## Your assignment
Print exactly the line that contains "Mitsubishi Pajero Mini 2008 5", then every following line through the end of the material; include nothing else and no pictures.

*** Opening Extracted entries ***

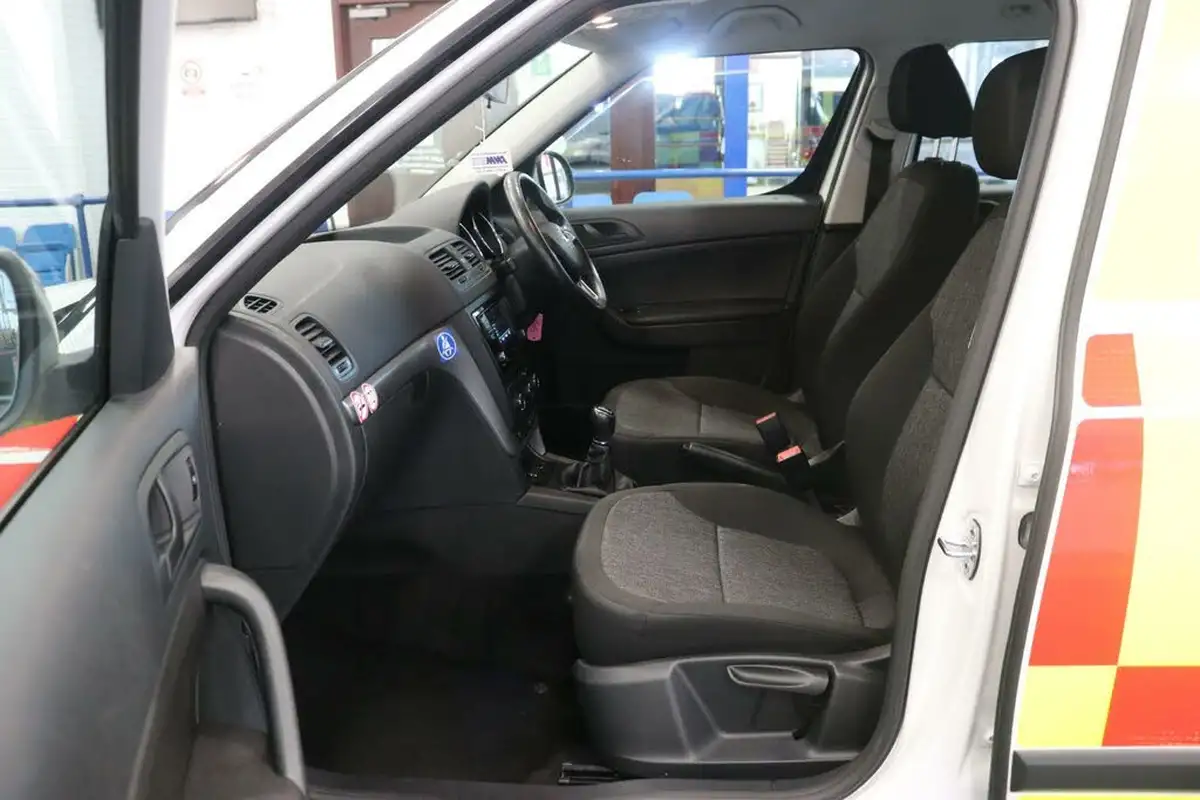 2017-skoda-yeti-outdoor-20tdi-scr-s-4x4-big-11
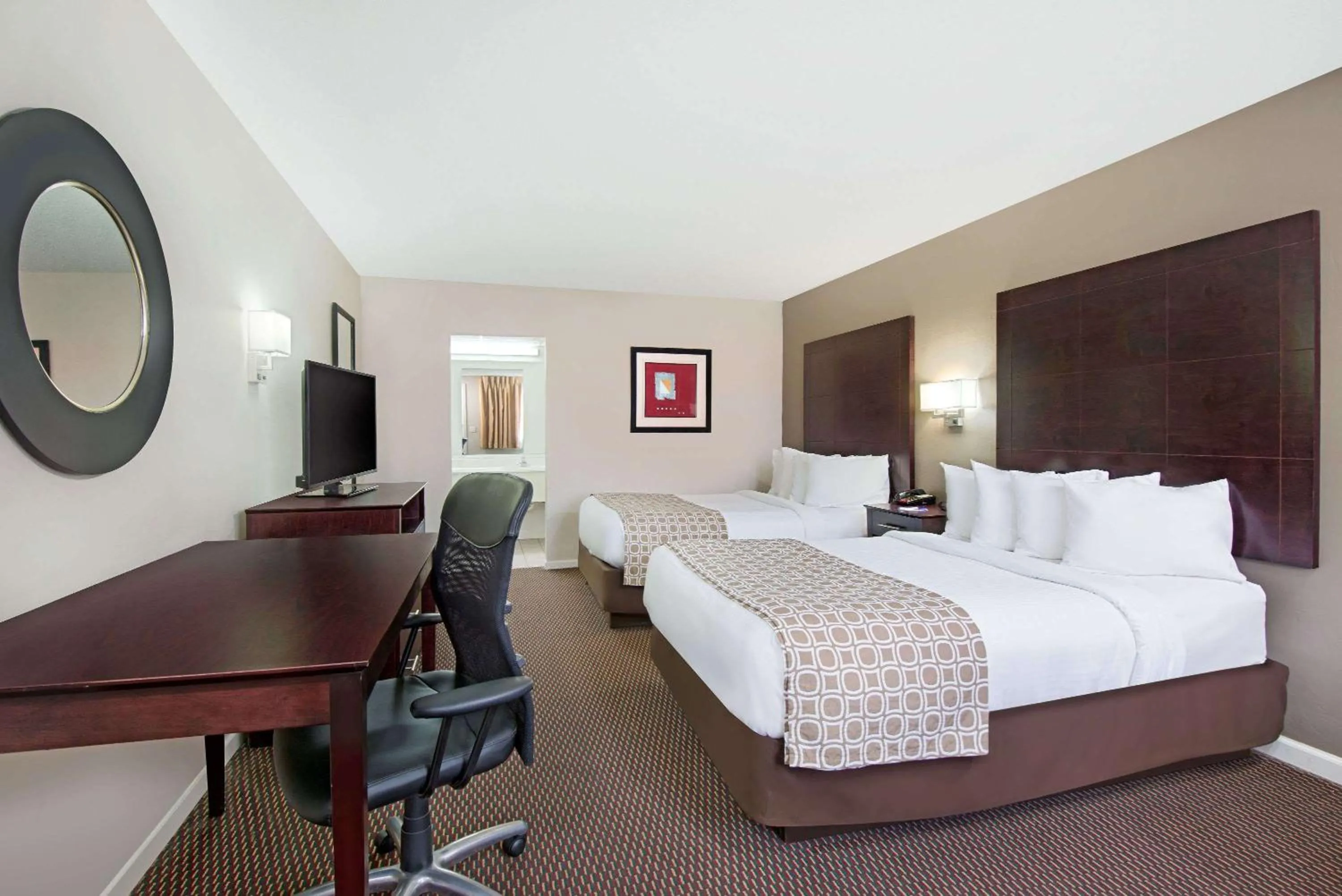 Photo of the whole room, Bed in Baymont by Wyndham Sandusky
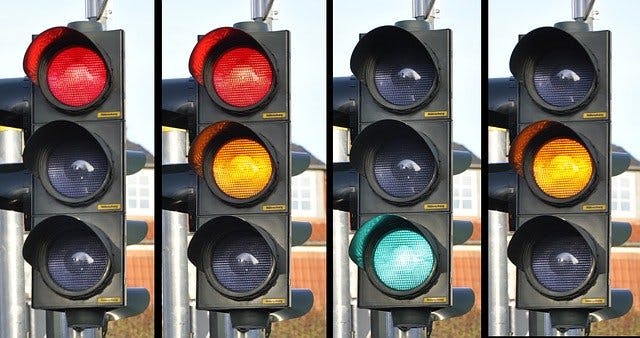 An image showing 4 traffic lights each in a different stage of the sequence 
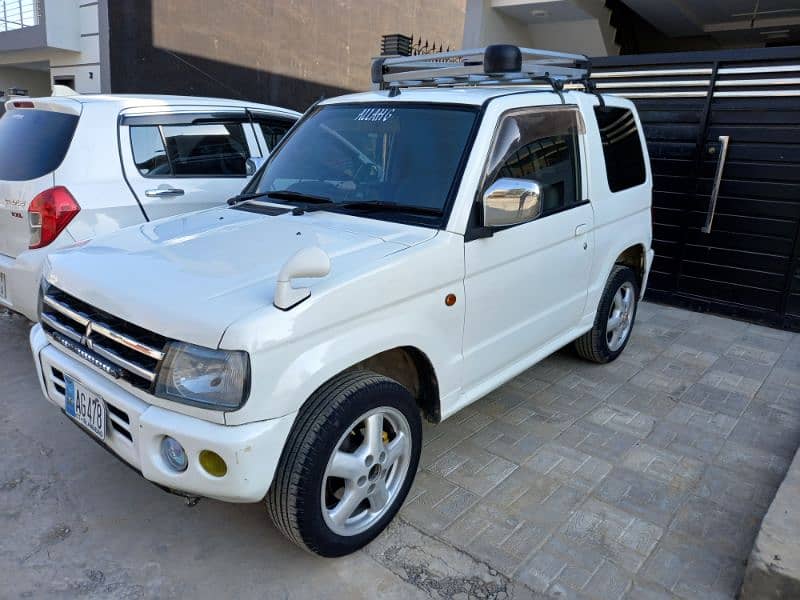 Mitsubishi Pajero Mini 2008 5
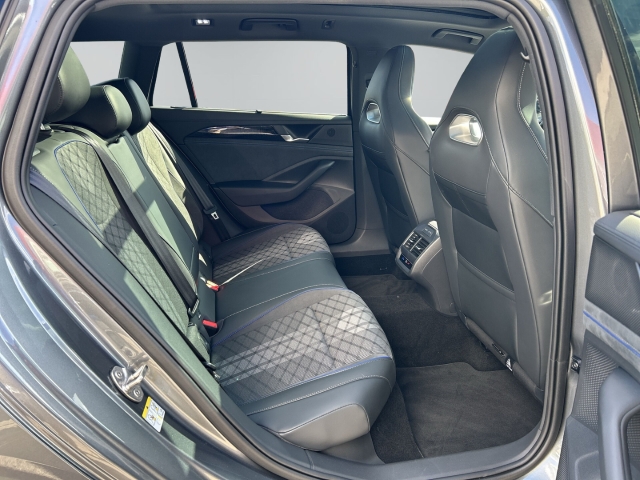 Passat Variant 2.0 TDI R-Line AHK Pano Area View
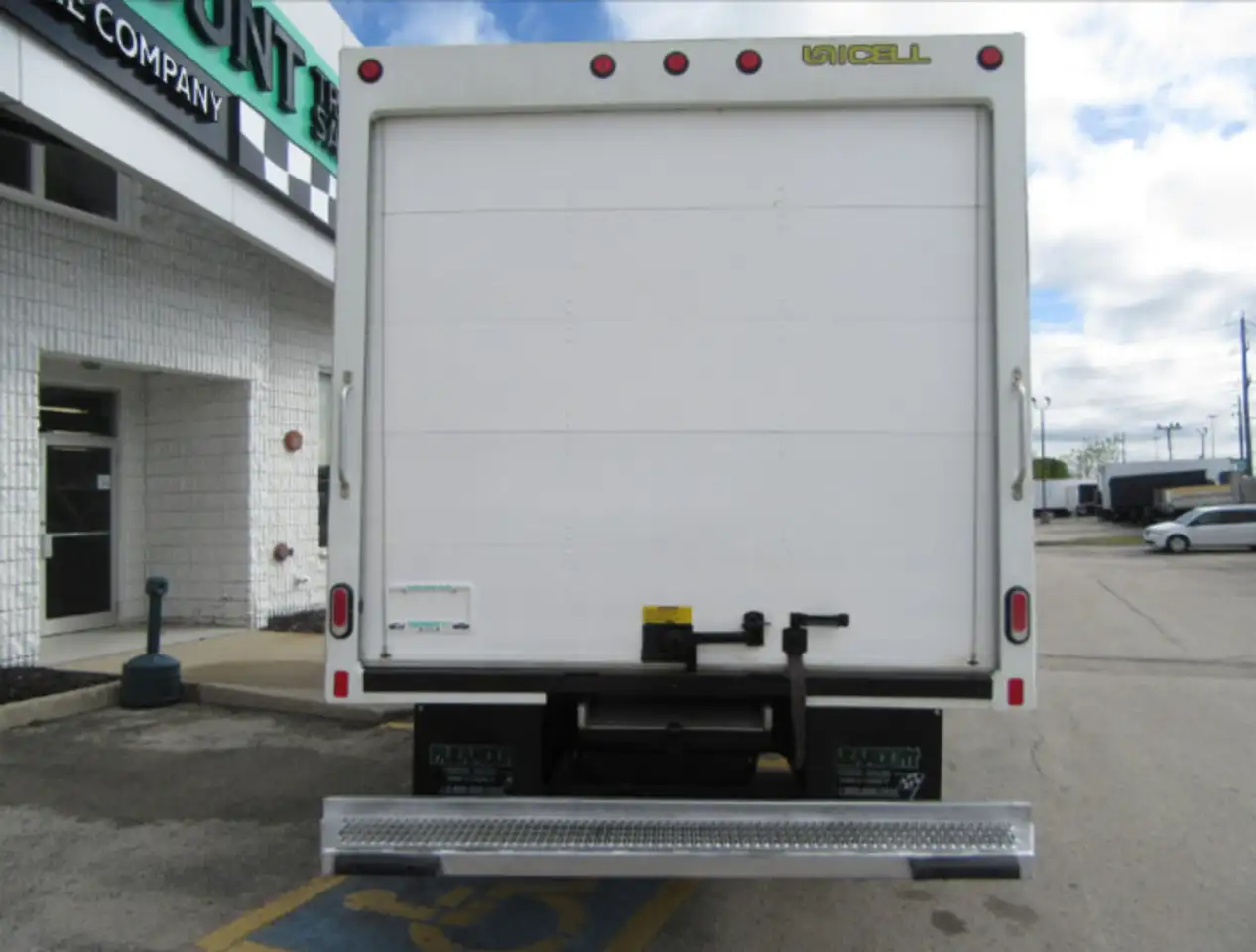Ford E-450 Super Duty DRW снимка Ford E-450 Super Duty DRW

*** Closing Extracted entries ***

## Solution for this problem
 Mitsubishi Pajero Mini 2008 5
 Passat Variant 2.0 TDI R-Line AHK Pano Area View
Ford E-450 Super Duty DRW снимка Ford E-450 Super Duty DRW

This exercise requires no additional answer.